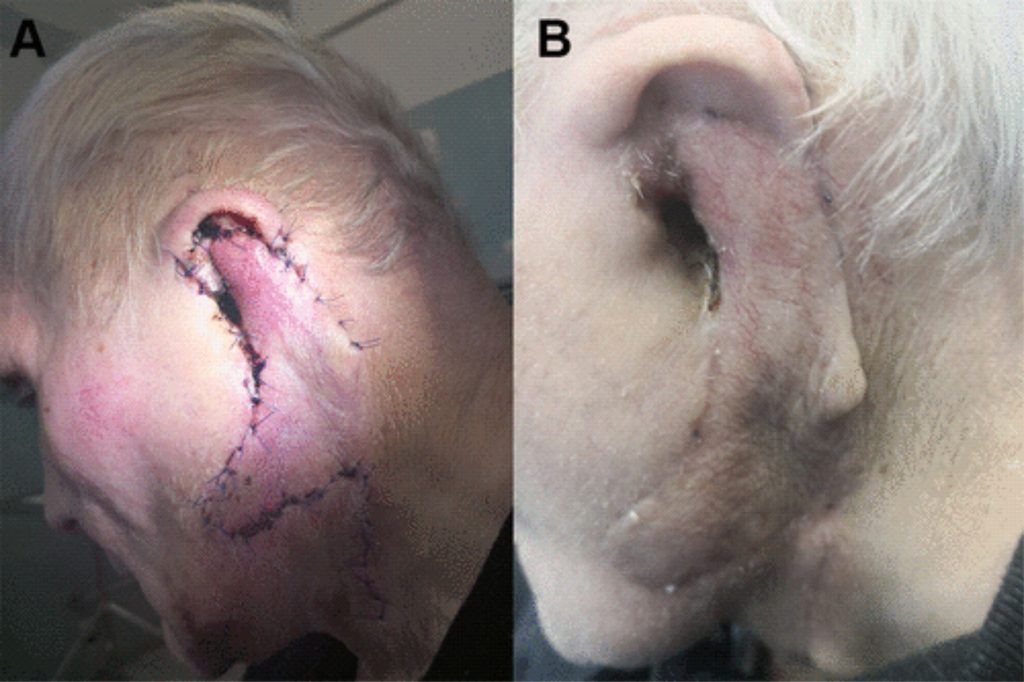 The Use of Giant Bilobed Flaps for Tissue Defect Reconstruction After Temporal Bone and Ear Resection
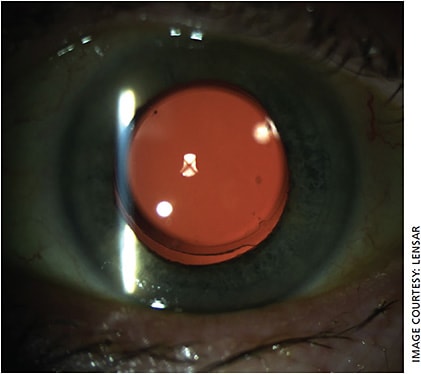 Intelliaxis markings created with the LENSAR Laser System with Streamline IV help surgeons optimize toric IOL alignment.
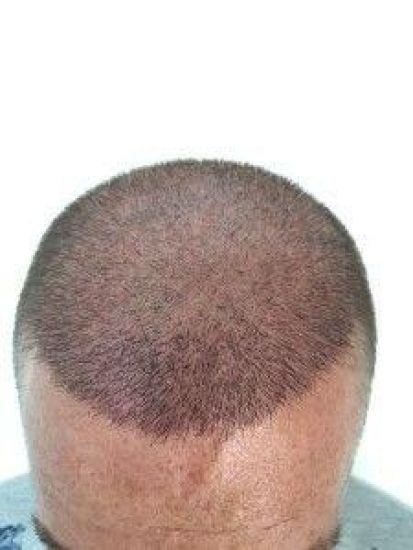 Comment procéder à une greffe de cheveux ? Guide complet pour retrouver une chevelure abondante.
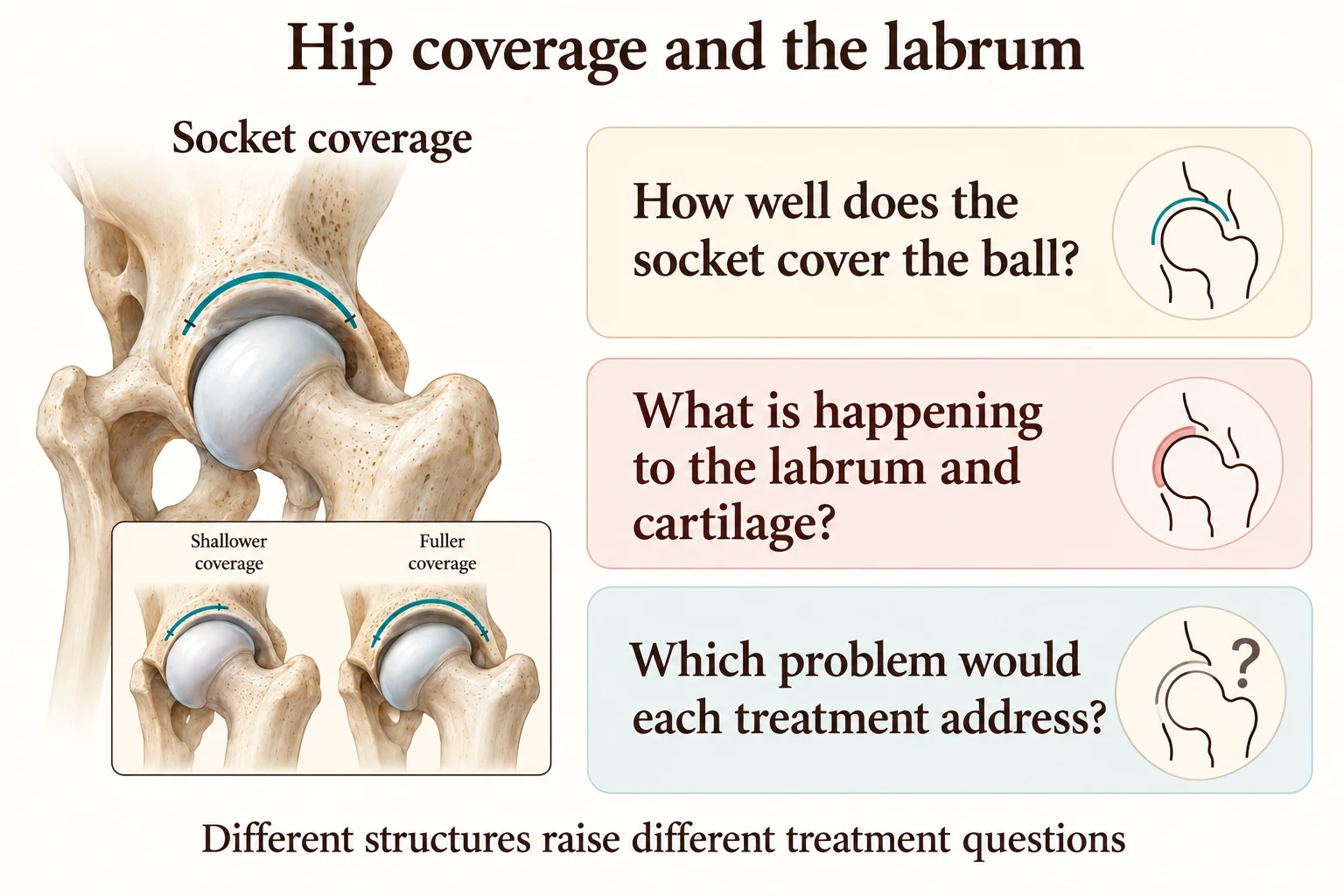 A hip socket-coverage schematic sits beside questions about coverage, labrum, cartilage and treatment purpose.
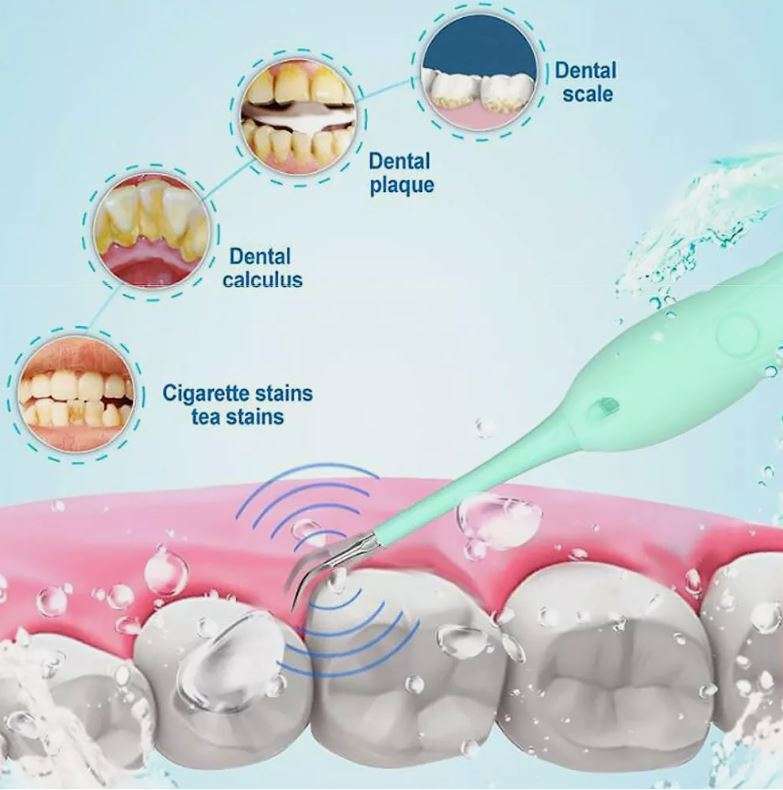 6-in-1 Electric Toothbrush and Calculus Remover Dental Care Tool Set in Blue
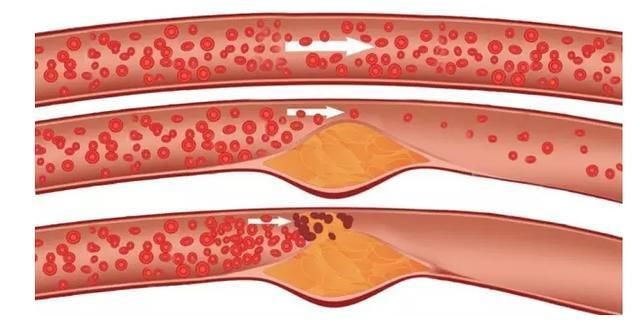 医生:五条满足三条以上,恭喜你,你的血管比同龄人健康,易长寿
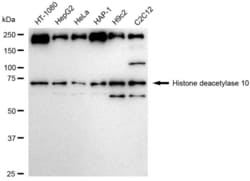 Invitrogen HDAC10 Recombinant Rabbit Monoclonal Antibody (23GB6165), Invitrogen 20 &mu;L | Buy Online | Invitrogen&trade; | Fisher Scientific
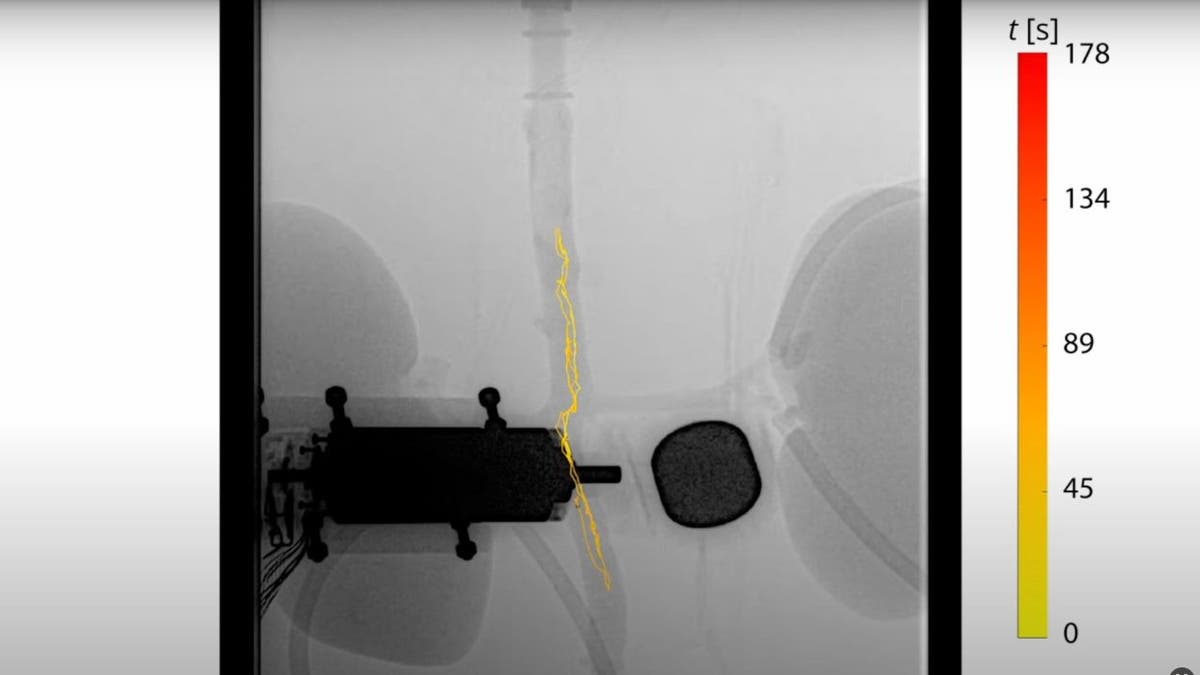 Blood clot-busting robot 4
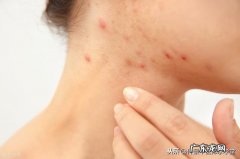 脸上的痤疮用什么中药收敛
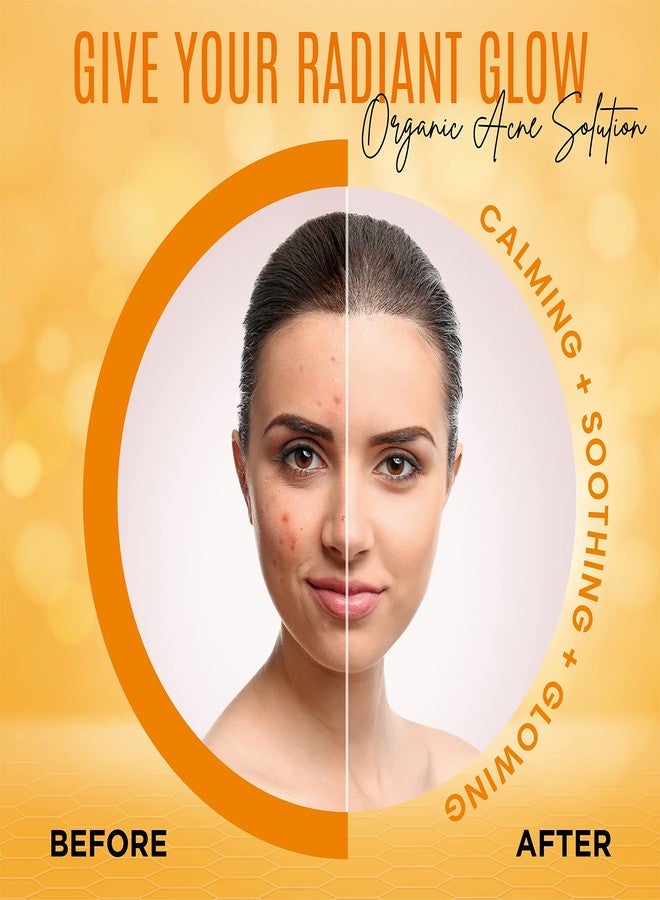 DERMAXGEN Organic Turmeric Soap Bar for Face & Body - Pure Turmeric Soap Bar for Acne, Scars, Uneven Tone, Blemish Control, Sun Damage & Age Spots - Handcrafted Skincare - (Pack of 6) - Image 5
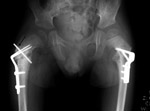 Pelvis blade plates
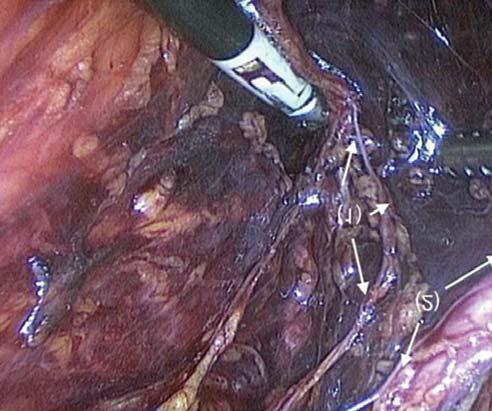 Csibi Noémi és munkatársai gastricus fasciát átfúrva anasztomizálnak a plexus hypogastricus inferiorral a rectum szintjében; míg a vesicalis nn.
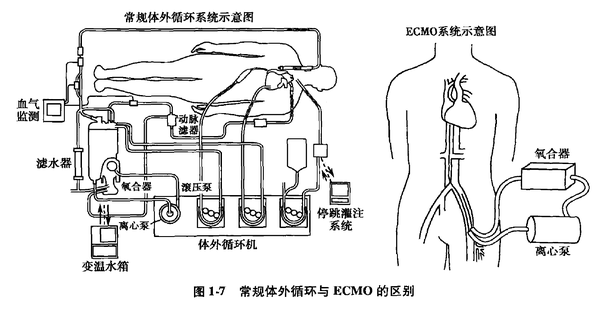 更重要的是,ecmo 费用极高,一般都是六位数.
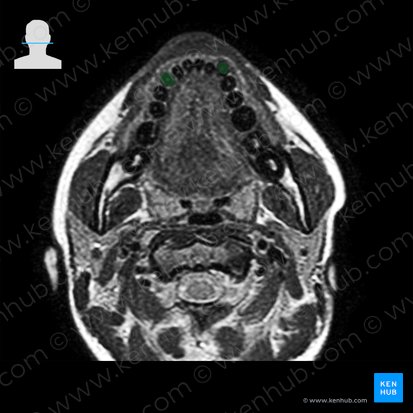 Canine tooth (Dens caninus); Image: 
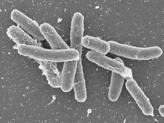 4. TRANSPORTE DE VACUNA POR BACTERIAS Bacterias que repliquen dentro células.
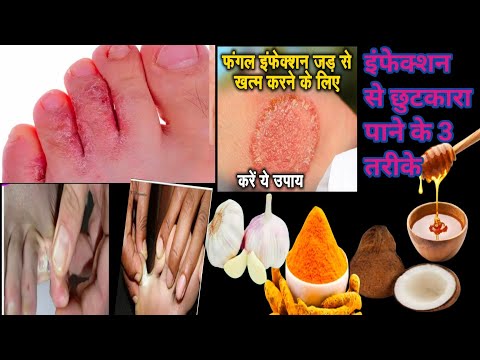 fungal infection| fungal infection treatment at home/खुजली के घरेलू -उपाय/ पैरों की सड़न/ athletfoot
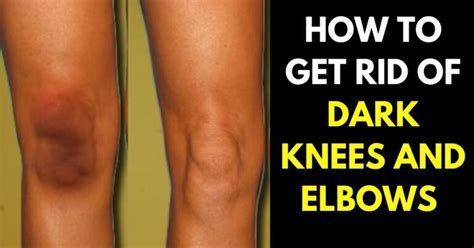 How To Lighten Knees And Elbows 10 Home Remedies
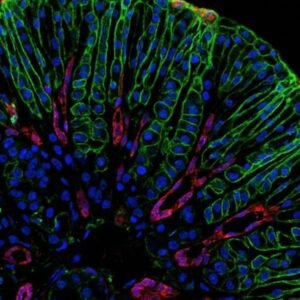 Buffer de Lavado para Inmunología
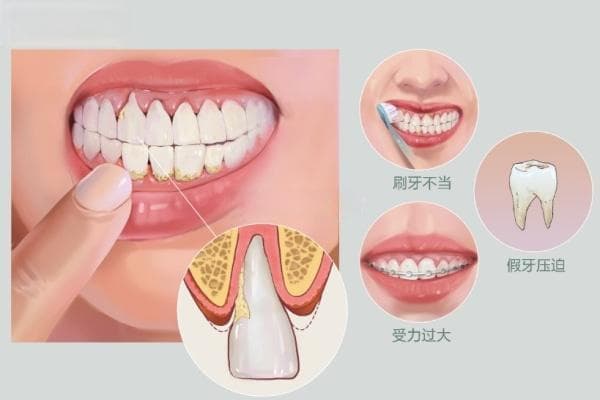 困扰国人的七大口腔问题你有几个？看看哪些日常口腔护理技巧你还不知道？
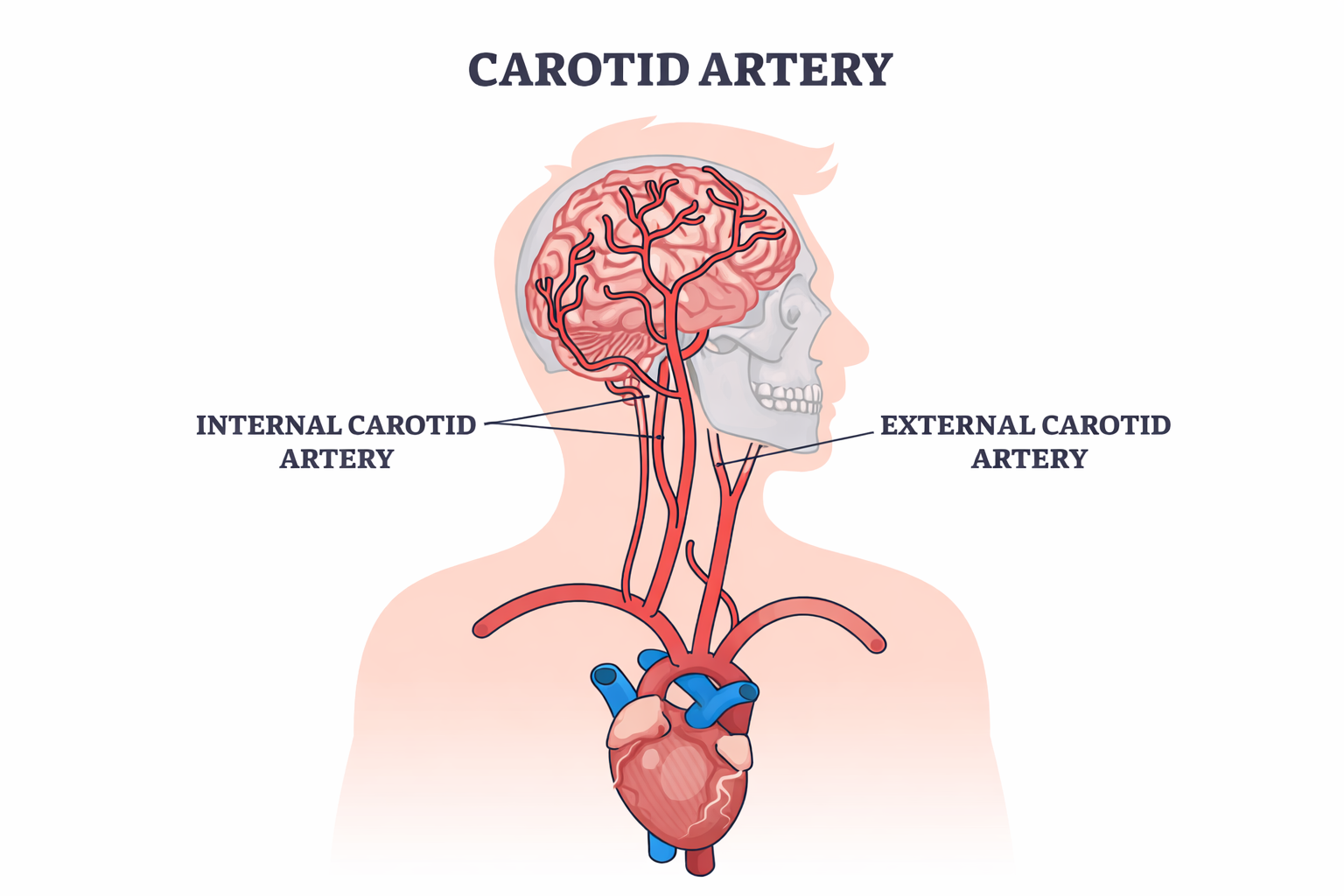 Arteri Karotis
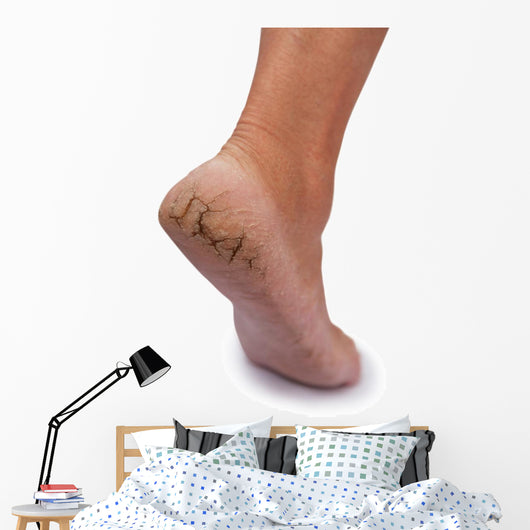 Chapped Heel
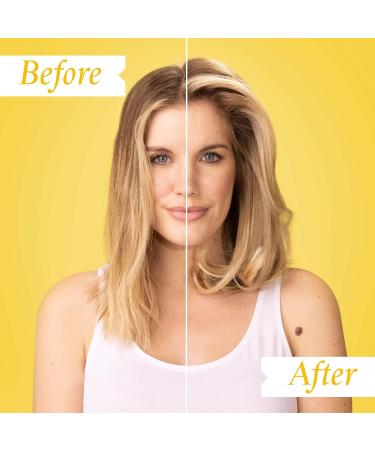 PHILIP KINGSLEY | Density Thickening Protein Spray | Volumizing Spray Treatment for Hair Loss and Fine Fragile and Damaged Hair | 4.05oz - Buy Online on GoSupps.com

- Exercise: Starting at the line that holds "Pelvis blade plates" and stopping at the last line of the listing above, write out each line exactly as it appears, and omit the pictures.

- Answer for this exercise:
 Pelvis blade plates
 Csibi Noémi és munkatársai gastricus fasciát átfúrva anasztomizálnak a plexus hypogastricus inferiorral a rectum szintjében; míg a vesicalis nn.
 更重要的是,ecmo 费用极高,一般都是六位数.
 Canine tooth (Dens caninus); Image: 
 4. TRANSPORTE DE VACUNA POR BACTERIAS Bacterias que repliquen dentro células.
 fungal infection| fungal infection treatment at home/खुजली के घरेलू -उपाय/ पैरों की सड़न/ athletfoot
 How To Lighten Knees And Elbows 10 Home Remedies
 Buffer de Lavado para Inmunología
 困扰国人的七大口腔问题你有几个？看看哪些日常口腔护理技巧你还不知道？
 Arteri Karotis
 Chapped Heel
 PHILIP KINGSLEY | Density Thickening Protein Spray | Volumizing Spray Treatment for Hair Loss and Fine Fragile and Damaged Hair | 4.05oz - Buy Online on GoSupps.com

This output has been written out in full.